DATA »
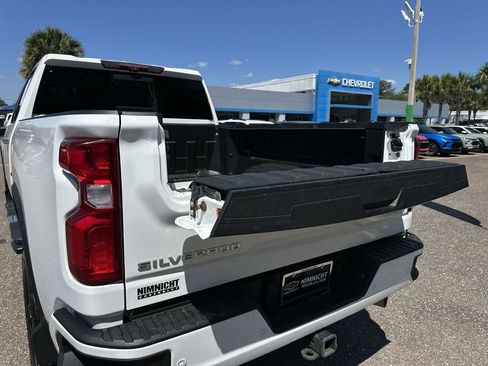 Used 2022 Chevrolet Silverado 3500 High Country w/ Technology Package AWD/4WD image 31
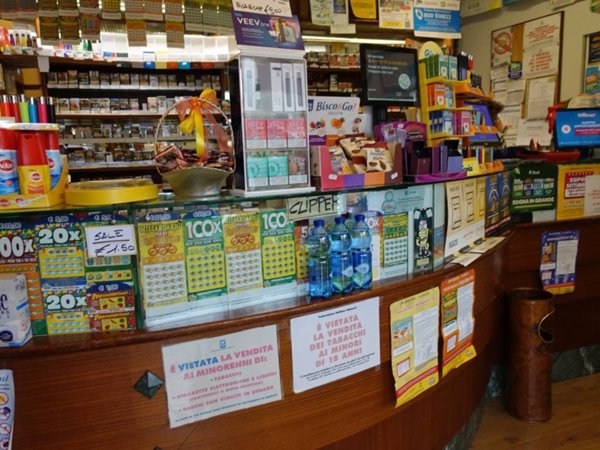 negozio in vendita ad Abano Terme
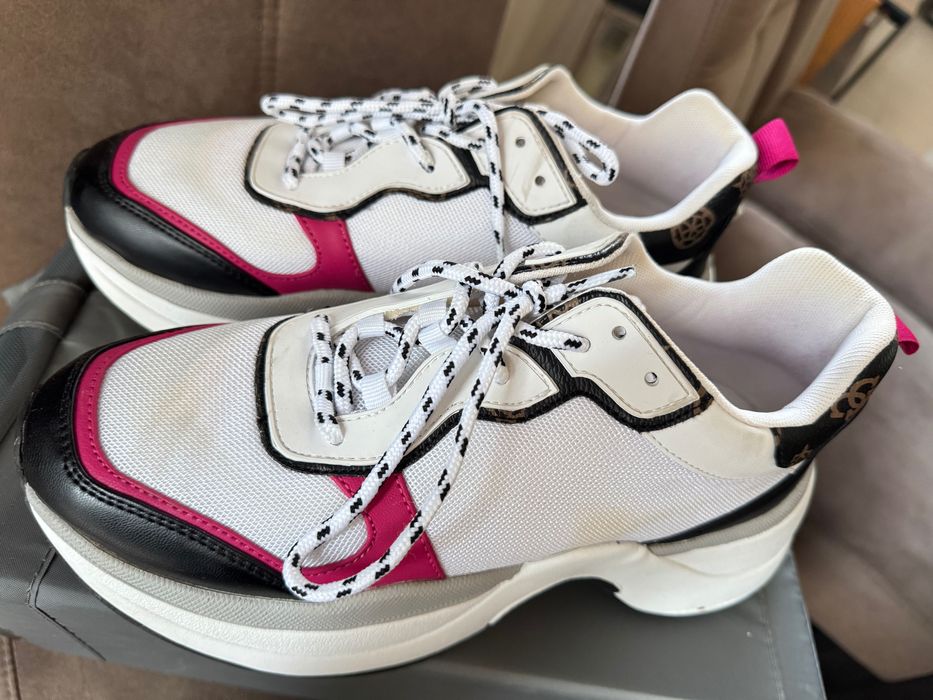 Кецове Guess White Pink Black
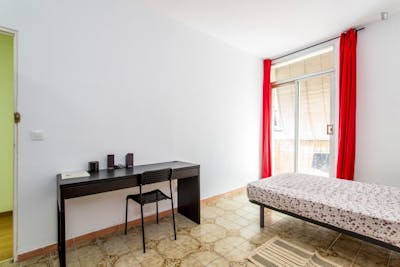 Very appealing single bedroom with a balcony, near the Sant Antoni metro  - Gallery -  2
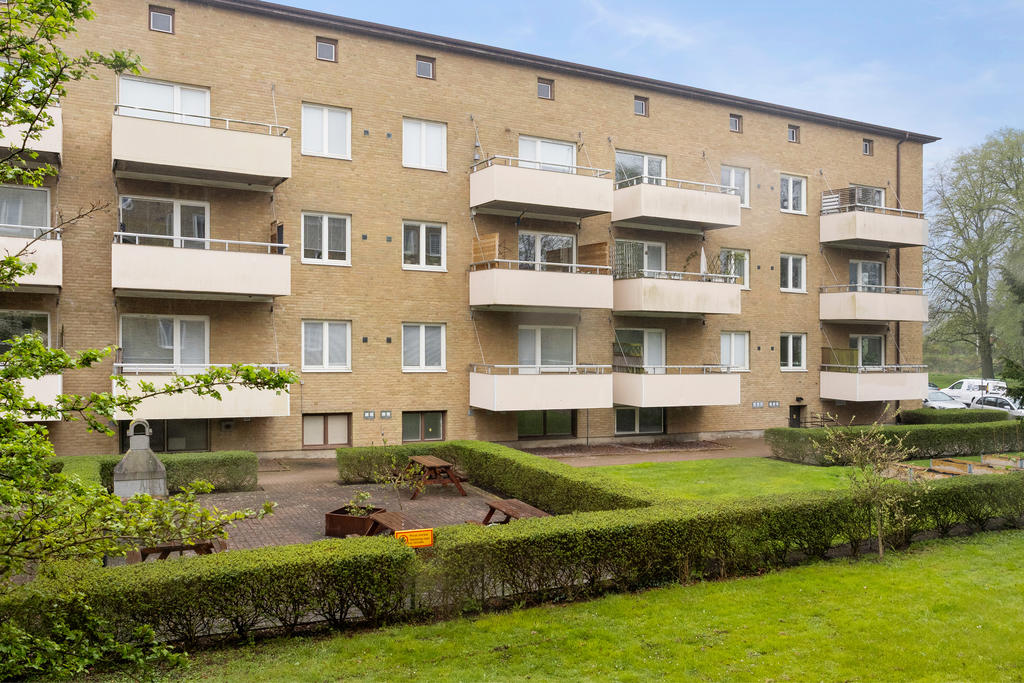 Vy från baksidan upp mot huset och balkongen.
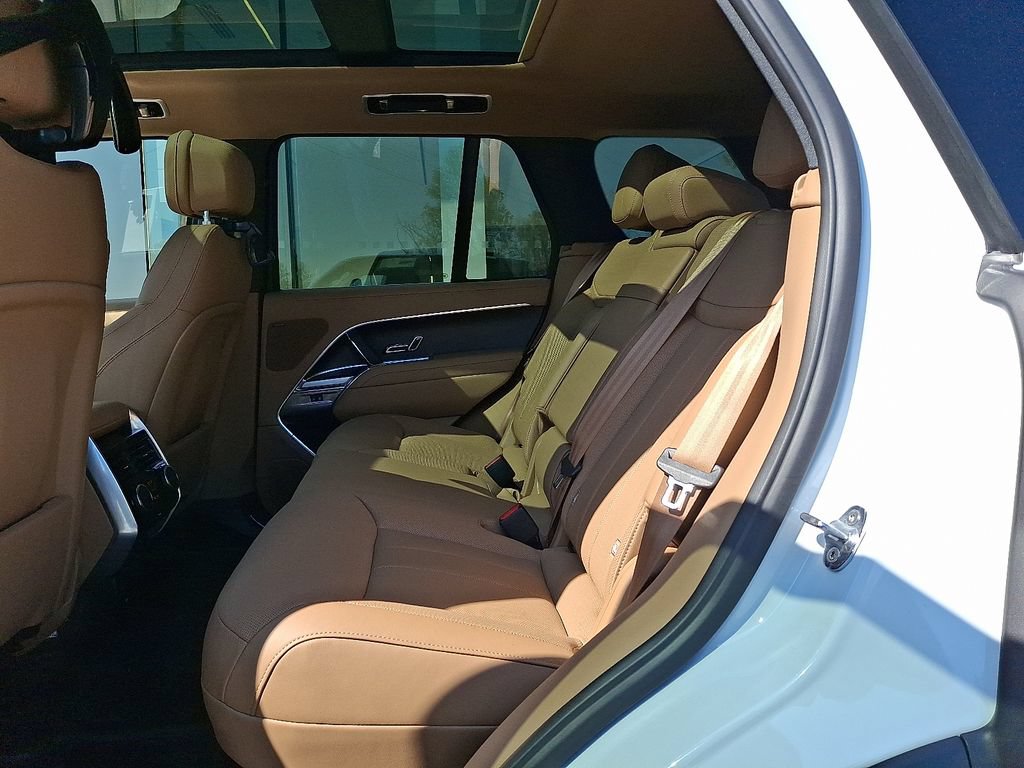 New 2026 Land Rover Range Rover SE AWD/4WD image 6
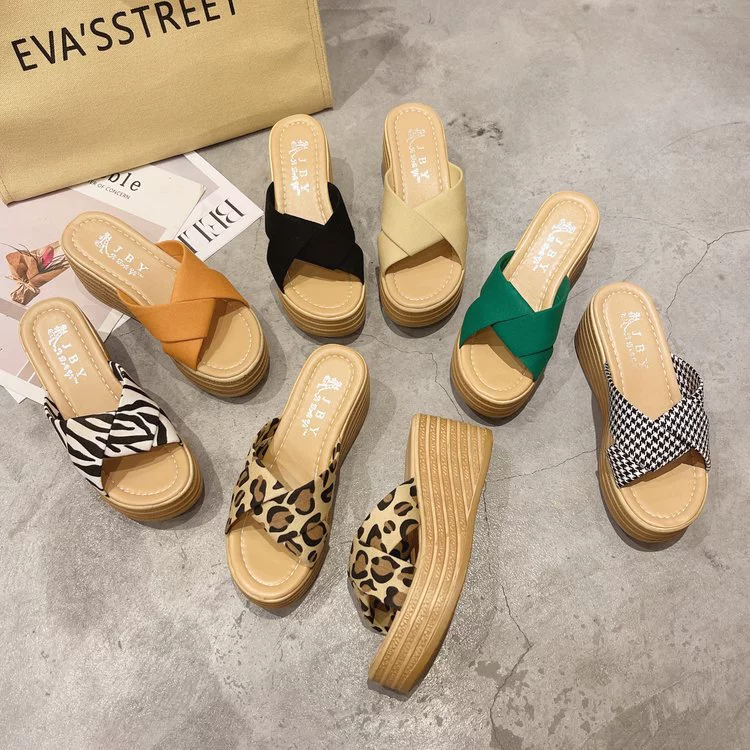 Французские тапочки, женские летние сандалии на танкетке 2023, летние сандалии с открытым носком, повседневные уличные тапочки на платформе с леопардовым принтом на толстой подошве 7cm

TASK DESCRIPTION » Say again, word for word, every line from the one with "Very appealing single" through the last line of the data above, minus the pictures.

TASK RESULT »
 Very appealing single bedroom with a balcony, near the Sant Antoni metro  - Gallery -  2
 Vy från baksidan upp mot huset och balkongen.
 New 2026 Land Rover Range Rover SE AWD/4WD image 6
 Французские тапочки, женские летние сандалии на танкетке 2023, летние сандалии с открытым носком, повседневные уличные тапочки на платформе с леопардовым принтом на толстой подошве 7cm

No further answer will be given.